In the sequel to the 2017 blockbuster Wonder Woman, Gal Gadot returns as Diana Prince and takes us on an all-new adventure in Wonder Woman 1984. It’s a film that tries to be more than just your standard action flick but ends up falling into all of the same tropes as films that came before it.
The film has this strange campiness to it, and at times it works, but mostly it doesn’t. We’re obviously in the 1980s, but the winks and nods can be too on the nose at times, and the script is ripped straight from that time period. The plot can be a bit clunky and downright irritating at times. It’s also a story we’ve all seen before. The hero discovers a powerful tool, but it falls into the wrong hands; the hero will have to work with their friends to overcome the villain and save the day. We’ve seen this story a thousand times, and this film has zero surprises. You can guess the rest of the film after about 20 minutes, and while the film doesn’t give us anything groundbreaking, it’s still a solid Wonder Woman story.

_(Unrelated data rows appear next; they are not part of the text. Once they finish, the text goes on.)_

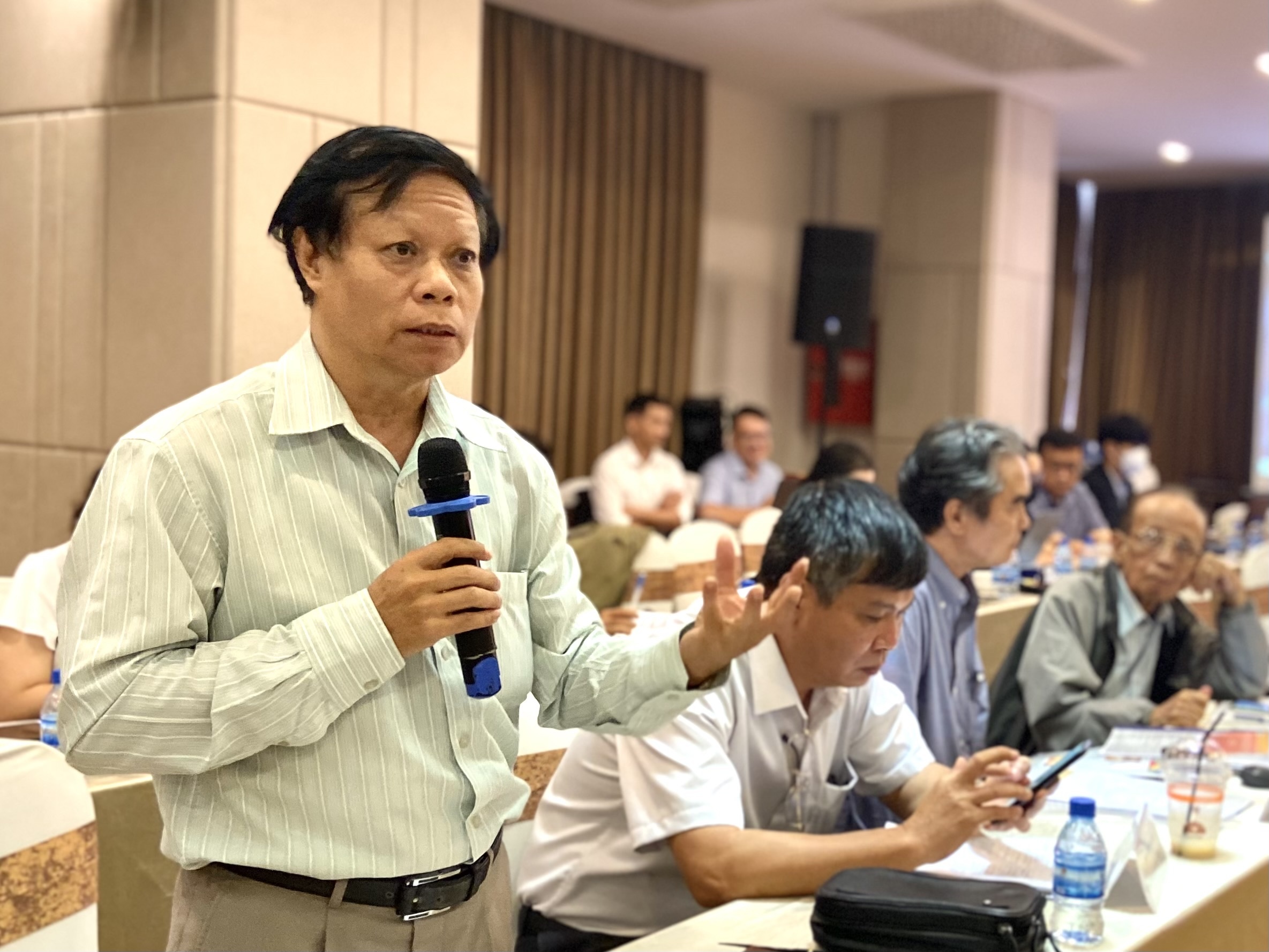 De xuat lam lan xe buyt dau tien tu Ham Nghi den Tan Son Nhat anh 2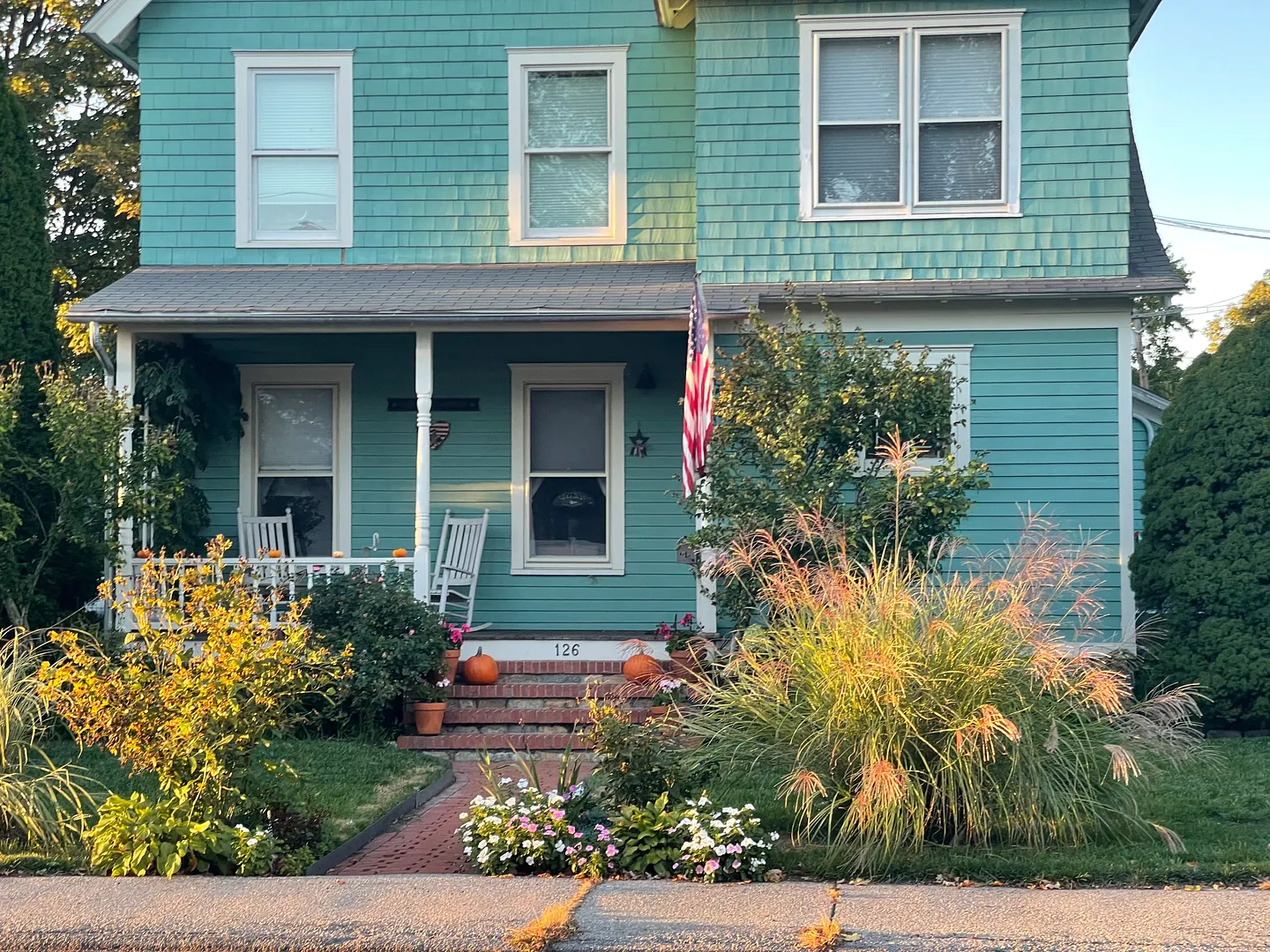 126 East Avenue Photo 3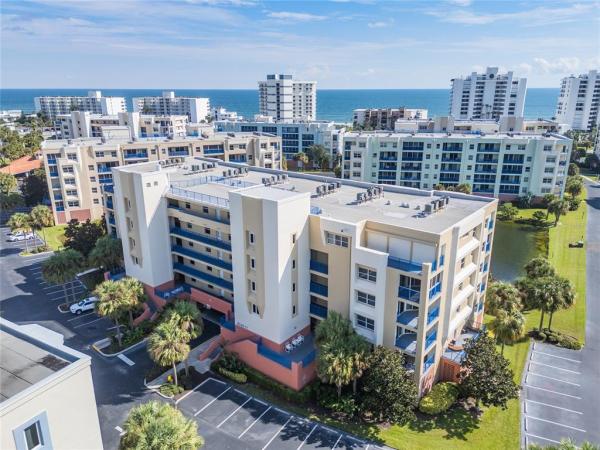 OCEAN WALK CONDO AT NSB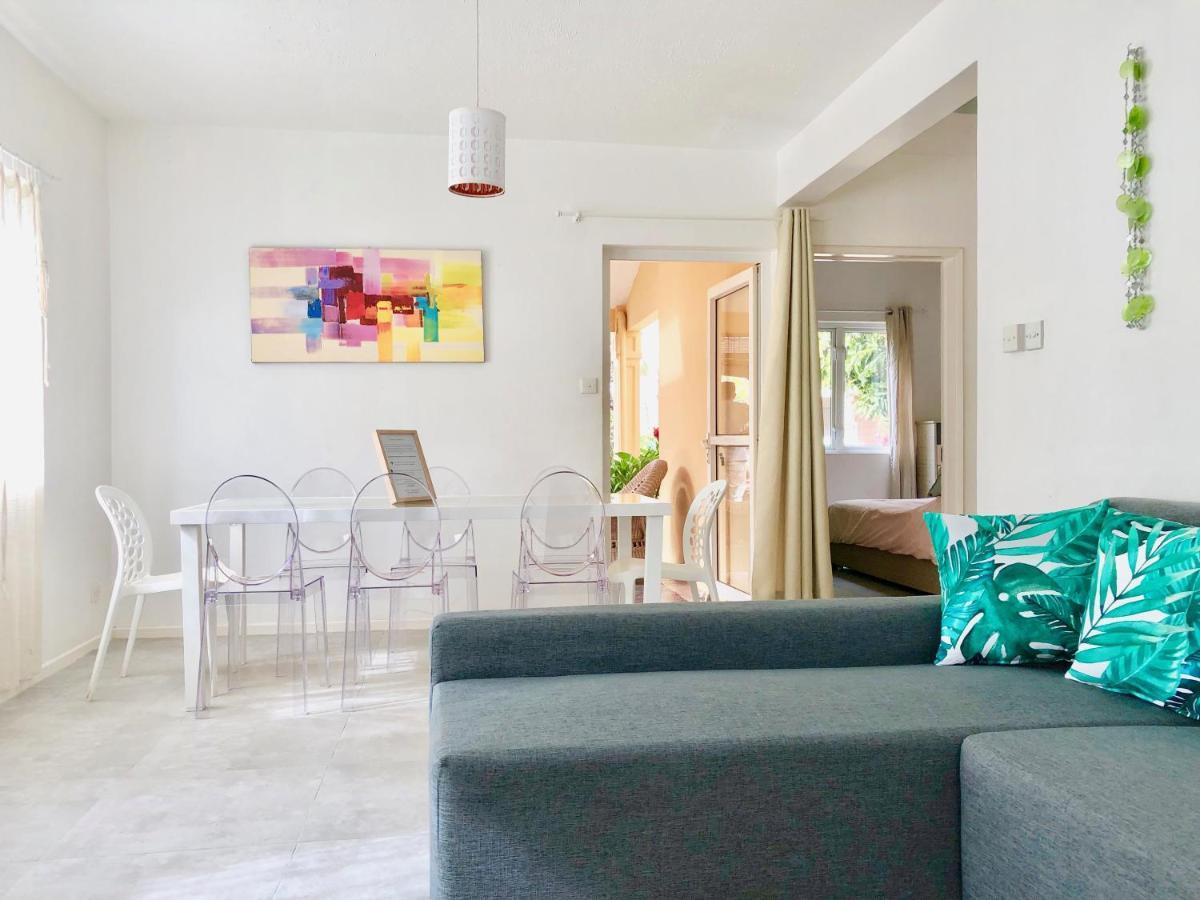 Beachfront Villa In A Beautiful And Secured Complex Flic-en-Flacq Exteriör bild
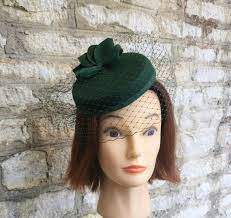 Pillbox Hat With Veil Dark Green Cocktail Hat And Fascinator Etsy Hat With Veil Cocktail Hat Fascinator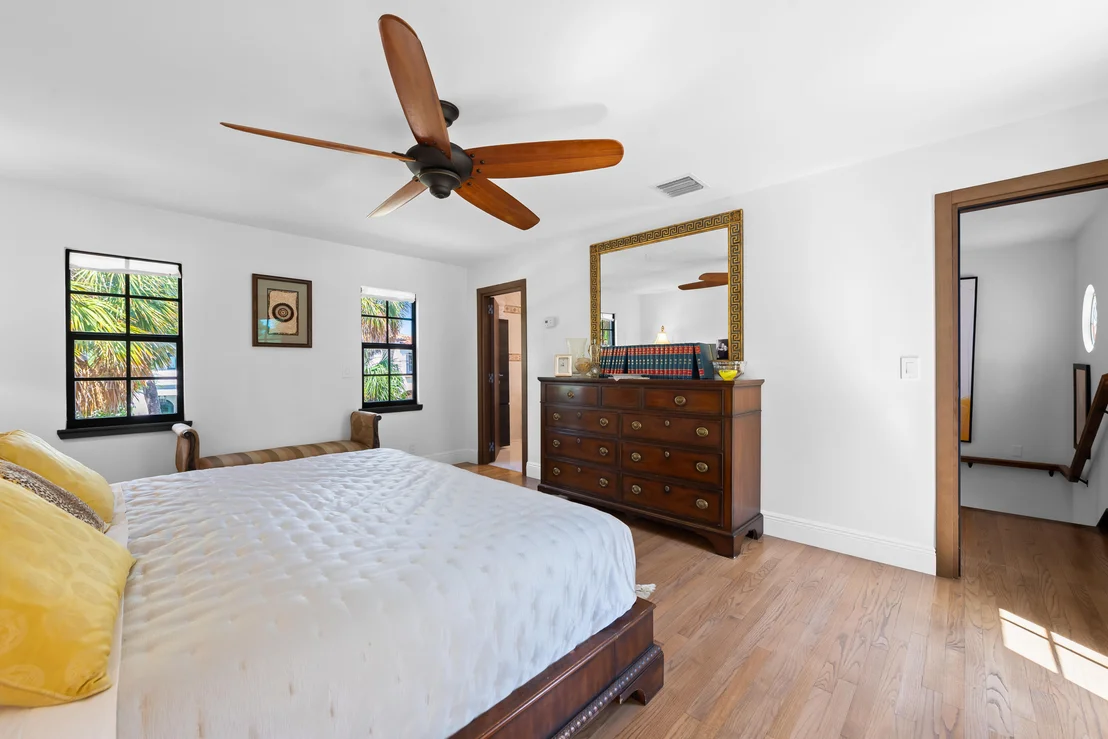 Photo of 80 SE Olive Way
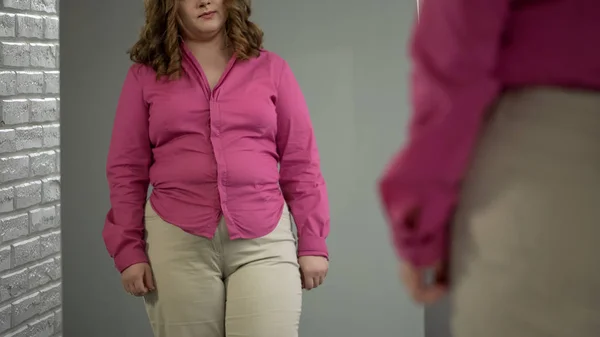 Femme Surpoids Regardant Dans Miroir Évaluer Son Apparence Problème Obésité — Photo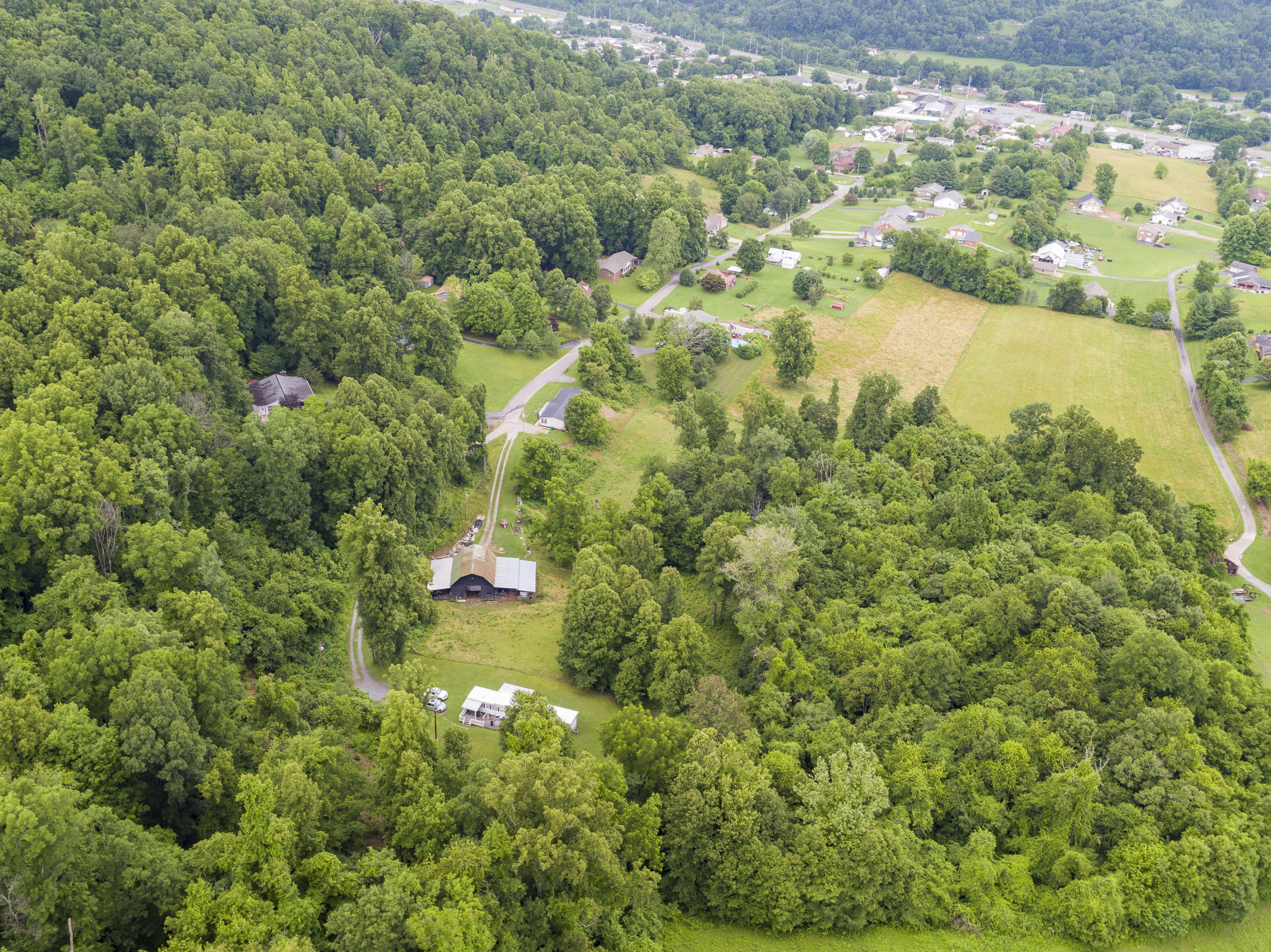 221 Clay Little Road Elizabethton, TN 37643 - Photo 2 of 14 ClayA--14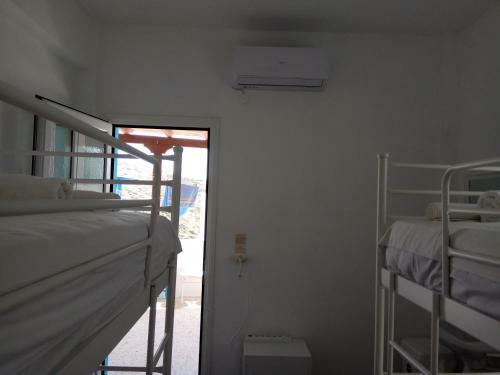 Hostal Grandma Vasiliki Rooms To Let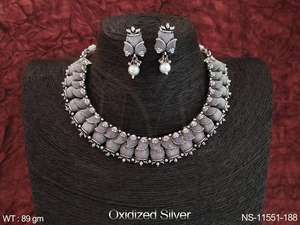 Bijoux de fantaisie en argent oxydé pour fête, ensemble de colliers de style ras de cou plaqués argent oxydé antique - Product Image 2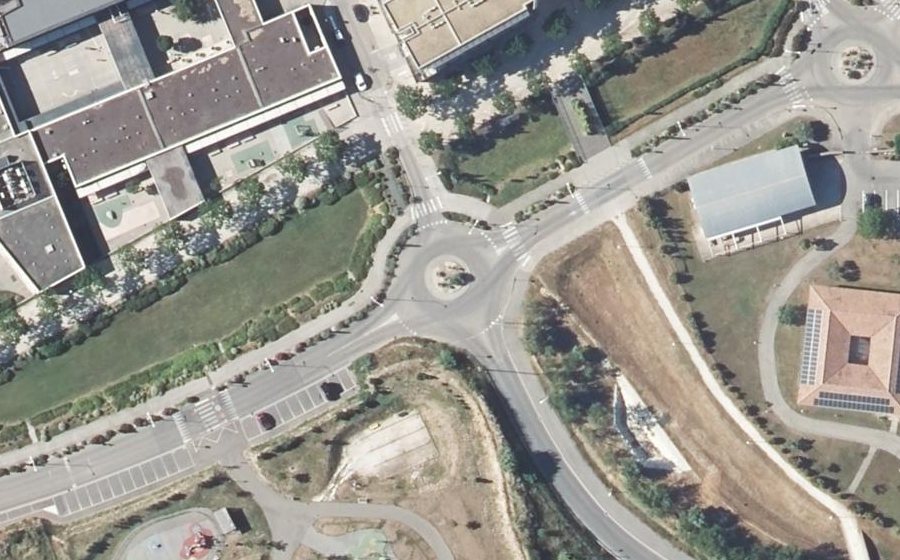 Vue aérienne du Rond-point anonyme n°317905147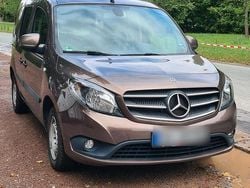 Braun Gebraucht 2020 Mercedes Citan 110 Limousine | 16.500 €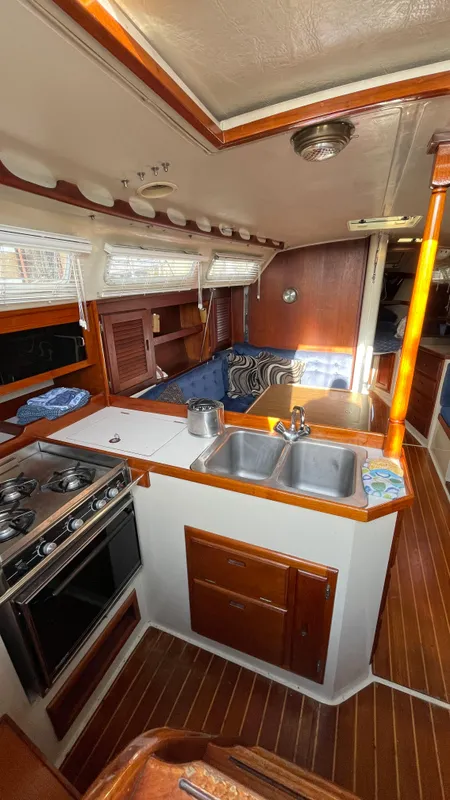 1987 Catalina Sloop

Gal Gadot and Chris Pine (Steve Trevor) carry this movie. At times it feels less like a superhero action film and more like a romance. The chemistry between our two leads is better than ever. Pine has this wide-eyed sensibility to him since he’s missed so much after the previous film’s events, while Gadot has this commanding presence on the screen, where you can feel Diana’s warmth and caring nature. It’s why she’s so good in this role. You can’t help but love this character. Pedro Pascal is similar in how he plays Maxwell Lord. He’s not inherently evil, he’s just misguided, and it makes him lose apart of his humanity. Kristen Wig does well with what she was given, but Cheetah doesn’t add much to the overall story besides someone who can go toe-to-toe with Wonder Woman.
The film’s pacing is not great. It tends to drag on, and the ending doesn’t make the wait worthwhile. There was about an hour between the first and second action scene, and that’s when things started to feel far too long. Still, director Patty Jenkins’ style and vision shine through and bring this sense of hope to the film. Aided by Hans Zimmer’s fantastic score, it manages to overcome many shortcomings.
Overall, Wonder Woman 1984 is a fine addition to the DC Films library. It’s a bit too slow-paced and light on the action, but its actors, score, and cinematography keep it from mediocrity. It’s still a great film to watch during the holiday.